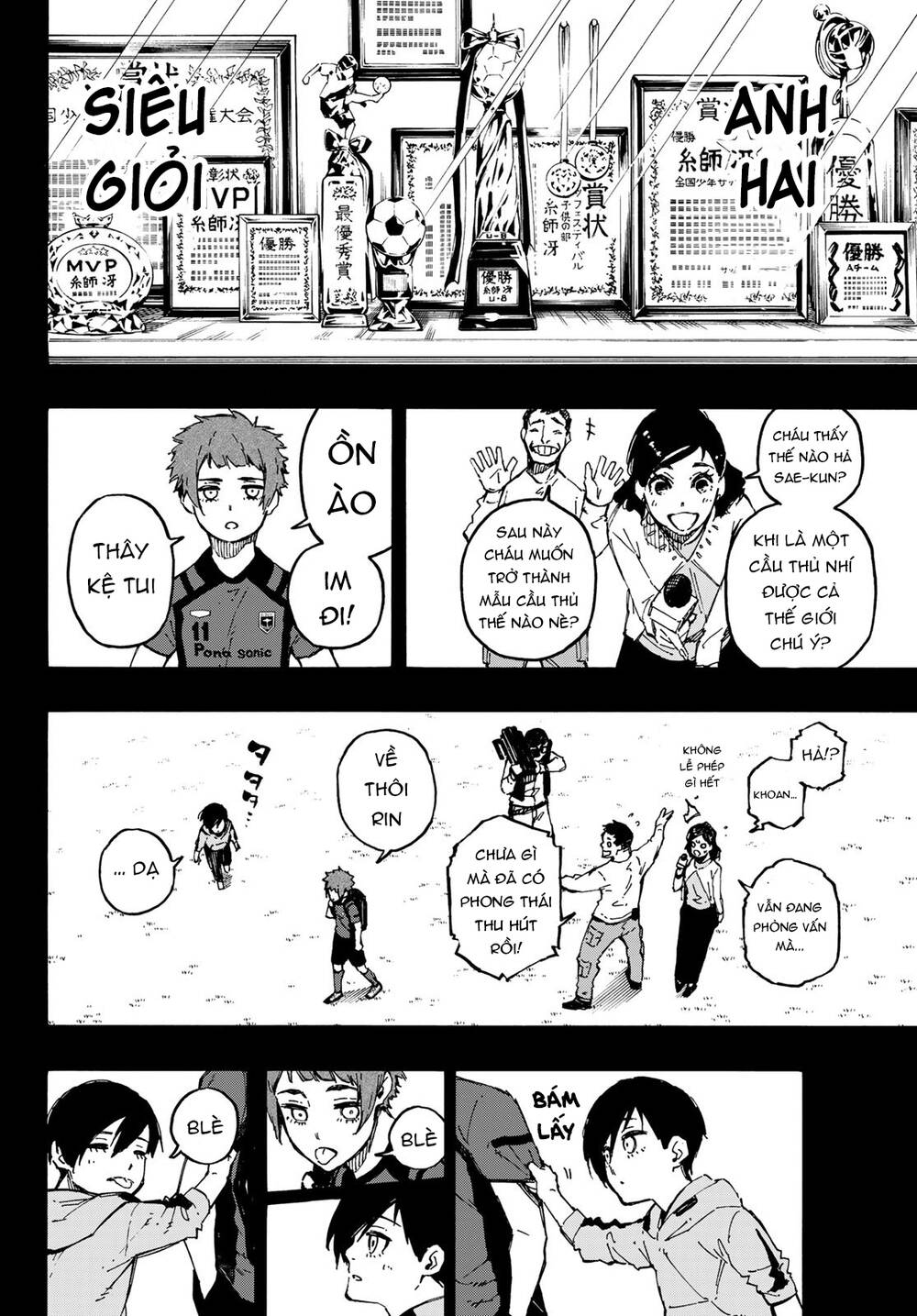 Blue Lock Chap 123 - Next Chap 124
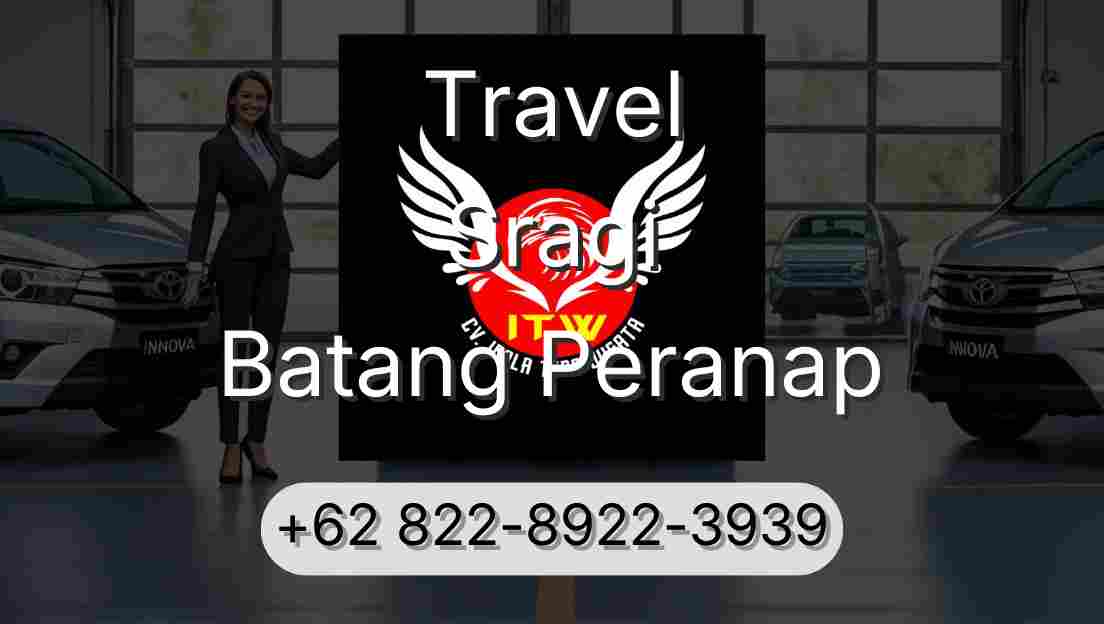 Travel Sragi Batang Peranap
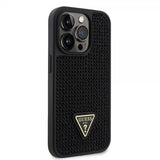 Guess iPhone 15 Pro Cover Rhinestone Sort
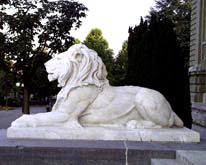 Lion du Palais de Justice de Montbenon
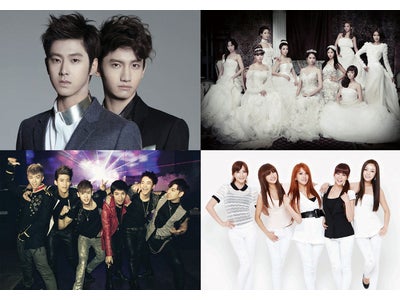 韓国最大級の音楽イベント「DREAM CONCERT2012」 BSスカパー！とＣＳ放送TBSチャンネルで放送決定！
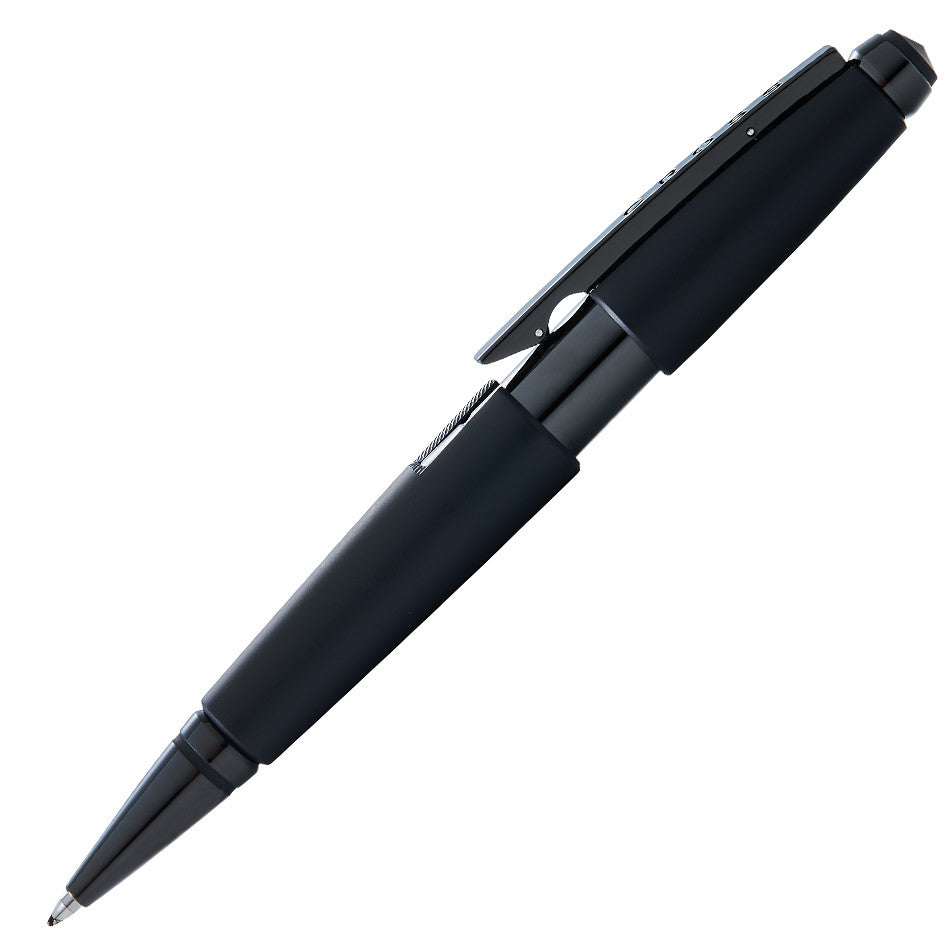 Cross Edge Telescopic Selectip Rollerball Pen Matt Black by Cross at Cult Pens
- - - - -
--- Task description ---
Word for word, return the material above, but drop the pictures.

--- Written answer ---
 Blue Lock Chap 123 - Next Chap 124
 Travel Sragi Batang Peranap
 Guess iPhone 15 Pro Cover Rhinestone Sort
 Lion du Palais de Justice de Montbenon
 韓国最大級の音楽イベント「DREAM CONCERT2012」 BSスカパー！とＣＳ放送TBSチャンネルで放送決定！
 Cross Edge Telescopic Selectip Rollerball Pen Matt Black by Cross at Cult Pens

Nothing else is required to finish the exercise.